All of the functions we’ll discuss now fall under the data preprocessing step. The preprocessing step is an essential step, be it from the view of data preprocessing or the building of a machine learning model over the data. It helps clean, transform and prepare the data for further analysis. In many cases, the raw(un-processed) data might be incomplete and have some errors, which is well addressed when data preprocessing is done.
Here, in this article, we’ll quickly see some of the basic Pandas functions, which are not much used but can be very useful and convenient, especially if you’re a newbie or noob 😛
Let’s dive in!
- Understanding some rarely used python data analysis functions.
- Illustrating how to use these pandas functions effectively with examples of real world-scenarios and understanding it better with code snippets.
- To show the benefits of these pandas functions and how they help in data preprocessing and analysis.
- Hands-on examples and code snippets for the readers to practice and implement.
Table of Contents
- Ffill and Bfill Function
- Shift Function
- Select_Dtypes Function
- Clip Function
- Query Function
- Melt Function
- Where Function
- Iat Function
Ffill and Bbfill Function
There are many instances where data in certain places don’t get captured, resulting in missing values.
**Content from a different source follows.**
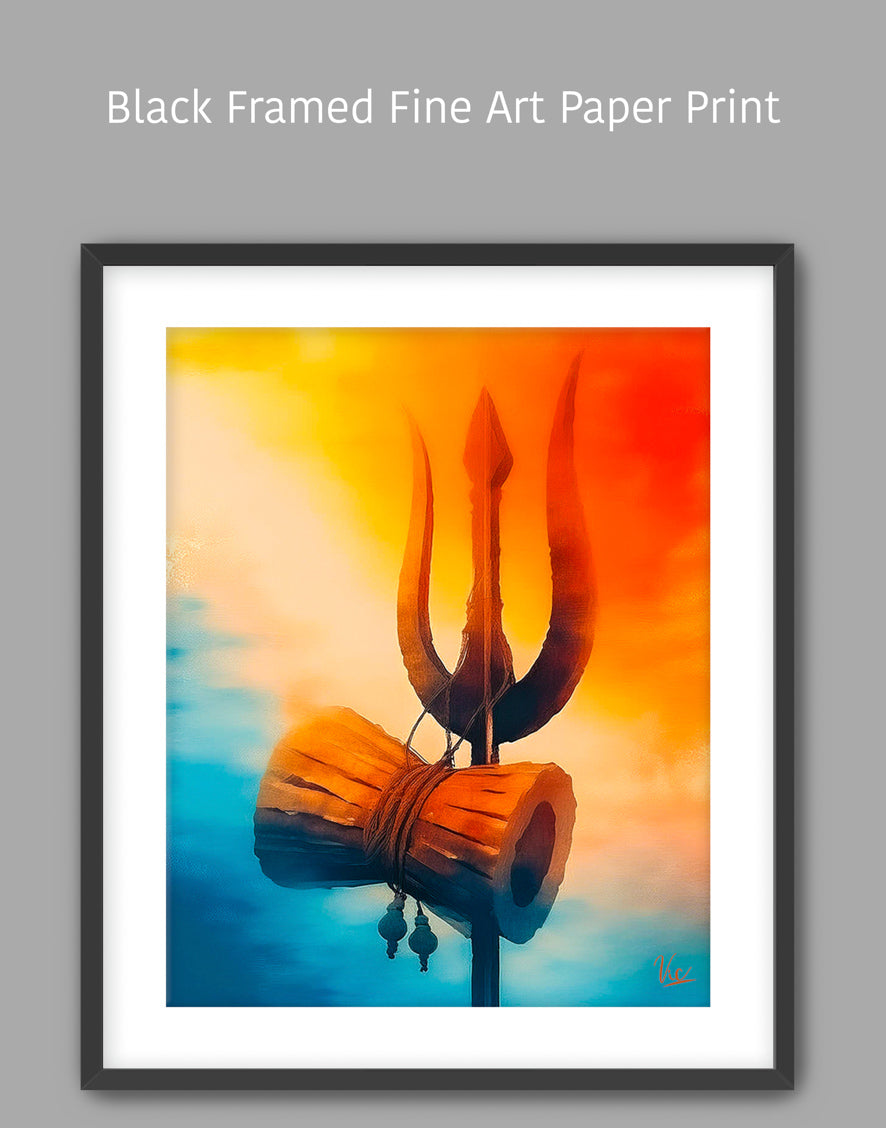 Shiva Trishool Wall Painting 2 - Sacred Trident Artwork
We need to treat the missing values so that it doesn’t lead to incorrect results in the long run when building a machine learning model on the same data. So, we would substitute the missing values which is called Missing Value Imputation. There are many ways to impute the missing values, but we’ll be discussing the functions ffill(forward fill) and bfill(backward fill). Let’s quickly see them. But what’s the basis on which we are imputing the values? In general, it’s a good idea to use forward fill (ffill) or backward fill (bfill) when the data has a temporal ordering and you want to propagate the last known value forward or backward in time, respectively, to fill in missing values.
Important to Note:
Missing Values Imputation using ffill() and bfill() is useful when the data has a temporal ordering, or if there is a trend or pattern which we wish to maintain. If our data is not of the above type, then it may be more appropriate to use the mean, median, or mode values to fill in missing values. Still, this might cause the loss of some information. It’s also important to note that, in any case, the choice of imputation method will depend on the specific characteristics of the dataset, so it’s often best to try different methods and see which one gives the best results.
The ffill method example,
We have the following dataframe. And we want to fill in the missing values.
Here, we’ll be taking an example of a time series dataset and imputing the missing values with the ffill function. If we observe carefully, we can see an increasing trend in the dataset. Let’s have a quick look at the dataset.
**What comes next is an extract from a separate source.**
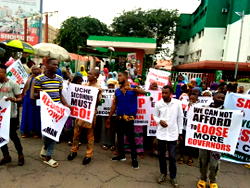 Anti Secondus protest hits Abuja as PDP youths demand chairman’s removal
We’ll be imputing the following missing values using the forward fill function.
After applying the following code, the values will get imputed in such a way that the previous value to the missing value would get forwarded.
df1 = df1.ffill(axis=0) df1
After applying the code, we get the following output. If we observe carefully, then we can see that only one observation has not been replaced. Why? Because we don’t have a value preceding the first observation.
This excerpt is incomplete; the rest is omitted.